[DATA TO PROCESS Boundary: Start]

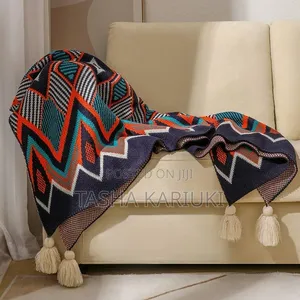 Nordic Bohemian Knitted Throw Blanket with Tassels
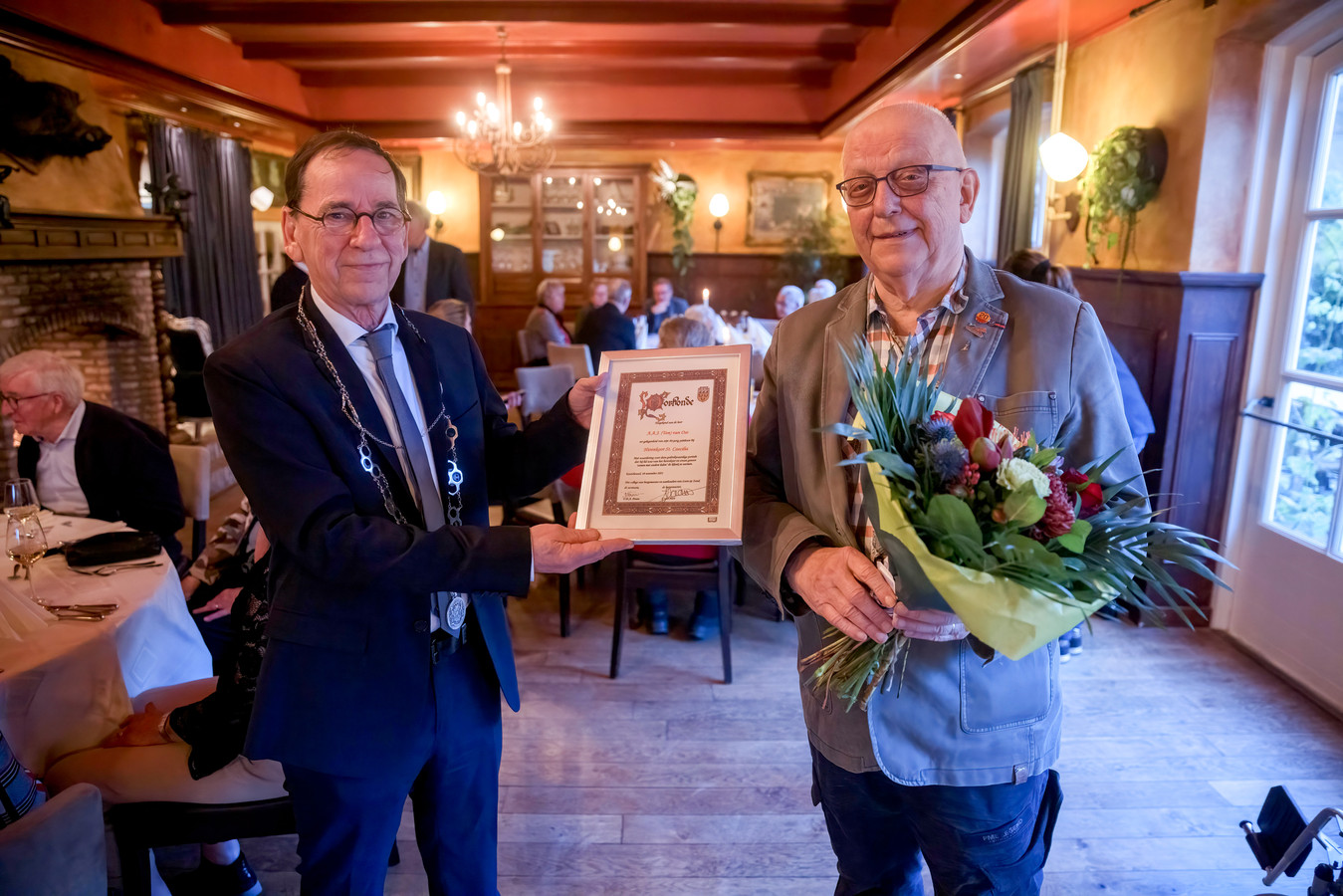 Ton van Oss ontvangt gemeentelijke oorkonde Loon op Zand ‘Mensen als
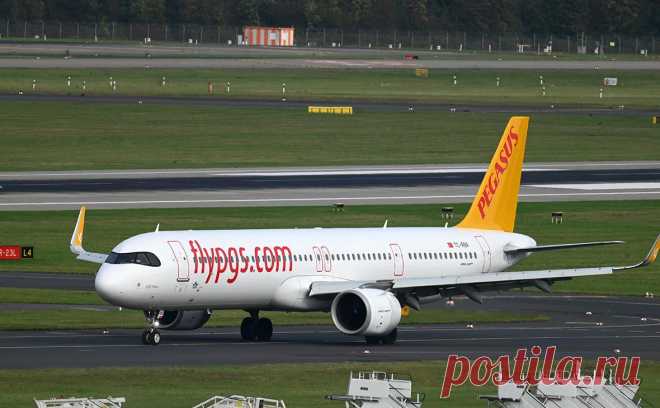 В Турции начали расследование из-за перепалки вставших пассажиров Pegasus. Инцидент произошел на борту рейса PC272 Pegasus Airlines, прибывшего из Софии в Стамбул. Пассажиры встали со своих мест еще до остановки самолета и пытались достать ручную кладь с верхних полок. На борт была вызвана полиция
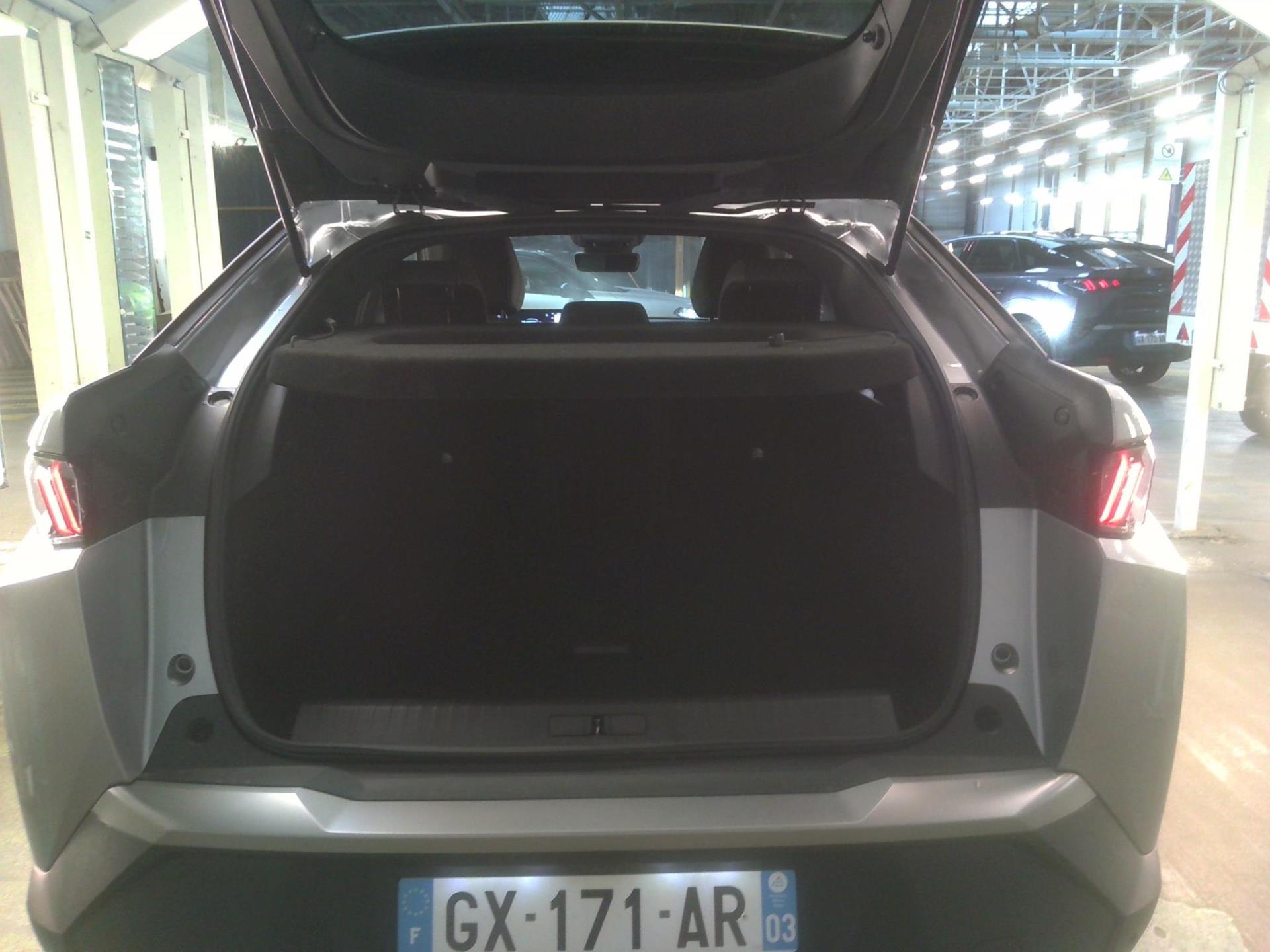 Peugeot 3008 Hybrid 136 e-DCS6 Allure 2024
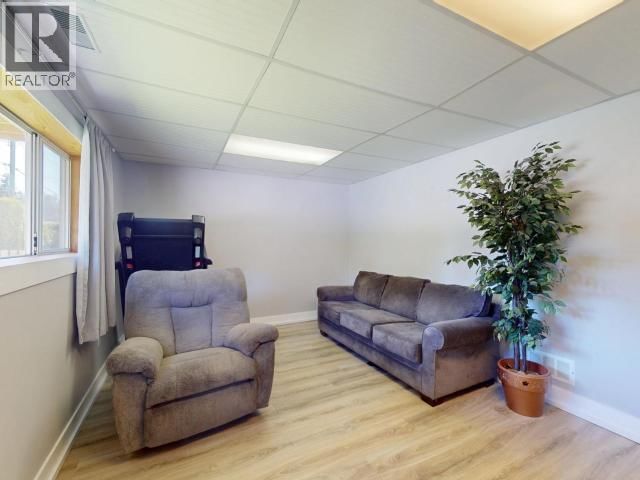 4859 BOWNESS AVE Image 19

[DATA TO PROCESS Boundary: End]

» **TASK PROMPT**:
Transcribe the records above exactly as they appear, leaving out any pictures.

» **SOLUTION TO THIS EXERCISE**:
 Nordic Bohemian Knitted Throw Blanket with Tassels
 Ton van Oss ontvangt gemeentelijke oorkonde Loon op Zand ‘Mensen als
 В Турции начали расследование из-за перепалки вставших пассажиров Pegasus. Инцидент произошел на борту рейса PC272 Pegasus Airlines, прибывшего из Софии в Стамбул. Пассажиры встали со своих мест еще до остановки самолета и пытались достать ручную кладь с верхних полок. На борт была вызвана полиция
 Peugeot 3008 Hybrid 136 e-DCS6 Allure 2024
 4859 BOWNESS AVE Image 19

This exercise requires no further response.